(What is expected):
From the records below, output exactly the lines running from the line containing "Mercedes-Benz" through the line containing "DS Automobiles DS 3 - Thumbnail 15", and no others.
Extracted material section start
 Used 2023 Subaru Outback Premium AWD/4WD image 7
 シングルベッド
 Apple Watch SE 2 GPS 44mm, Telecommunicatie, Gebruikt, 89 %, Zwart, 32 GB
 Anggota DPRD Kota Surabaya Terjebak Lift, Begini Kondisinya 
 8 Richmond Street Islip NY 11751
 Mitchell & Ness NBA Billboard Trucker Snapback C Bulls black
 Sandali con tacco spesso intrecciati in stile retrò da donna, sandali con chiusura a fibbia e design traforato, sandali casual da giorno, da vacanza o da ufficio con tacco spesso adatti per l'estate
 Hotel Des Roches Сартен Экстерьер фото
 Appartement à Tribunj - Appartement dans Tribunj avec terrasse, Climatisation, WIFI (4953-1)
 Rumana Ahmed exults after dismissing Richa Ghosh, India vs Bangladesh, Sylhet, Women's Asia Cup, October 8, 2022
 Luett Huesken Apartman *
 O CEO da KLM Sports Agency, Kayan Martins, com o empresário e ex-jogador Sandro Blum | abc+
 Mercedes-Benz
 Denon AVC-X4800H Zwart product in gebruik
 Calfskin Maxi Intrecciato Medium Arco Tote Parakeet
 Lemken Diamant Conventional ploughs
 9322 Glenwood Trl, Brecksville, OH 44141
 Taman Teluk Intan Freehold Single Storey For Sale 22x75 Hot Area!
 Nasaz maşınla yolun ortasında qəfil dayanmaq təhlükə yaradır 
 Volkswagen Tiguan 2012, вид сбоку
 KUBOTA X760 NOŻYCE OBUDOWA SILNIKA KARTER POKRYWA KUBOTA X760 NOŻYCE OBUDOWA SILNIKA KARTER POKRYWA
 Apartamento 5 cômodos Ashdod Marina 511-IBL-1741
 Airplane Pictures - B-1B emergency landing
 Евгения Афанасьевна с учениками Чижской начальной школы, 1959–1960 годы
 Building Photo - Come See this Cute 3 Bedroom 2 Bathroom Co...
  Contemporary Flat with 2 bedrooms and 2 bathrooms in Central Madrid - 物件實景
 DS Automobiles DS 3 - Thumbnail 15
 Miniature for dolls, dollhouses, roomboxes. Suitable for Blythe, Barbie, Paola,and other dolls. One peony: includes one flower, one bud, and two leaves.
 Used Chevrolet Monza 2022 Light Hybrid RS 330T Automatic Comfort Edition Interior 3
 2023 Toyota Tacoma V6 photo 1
Extracted material section end
(Task response):
 Mercedes-Benz
 Denon AVC-X4800H Zwart product in gebruik
 Calfskin Maxi Intrecciato Medium Arco Tote Parakeet
 Lemken Diamant Conventional ploughs
 9322 Glenwood Trl, Brecksville, OH 44141
 Taman Teluk Intan Freehold Single Storey For Sale 22x75 Hot Area!
 Nasaz maşınla yolun ortasında qəfil dayanmaq təhlükə yaradır 
 Volkswagen Tiguan 2012, вид сбоку
 KUBOTA X760 NOŻYCE OBUDOWA SILNIKA KARTER POKRYWA KUBOTA X760 NOŻYCE OBUDOWA SILNIKA KARTER POKRYWA
 Apartamento 5 cômodos Ashdod Marina 511-IBL-1741
 Airplane Pictures - B-1B emergency landing
 Евгения Афанасьевна с учениками Чижской начальной школы, 1959–1960 годы
 Building Photo - Come See this Cute 3 Bedroom 2 Bathroom Co...
  Contemporary Flat with 2 bedrooms and 2 bathrooms in Central Madrid - 物件實景
 DS Automobiles DS 3 - Thumbnail 15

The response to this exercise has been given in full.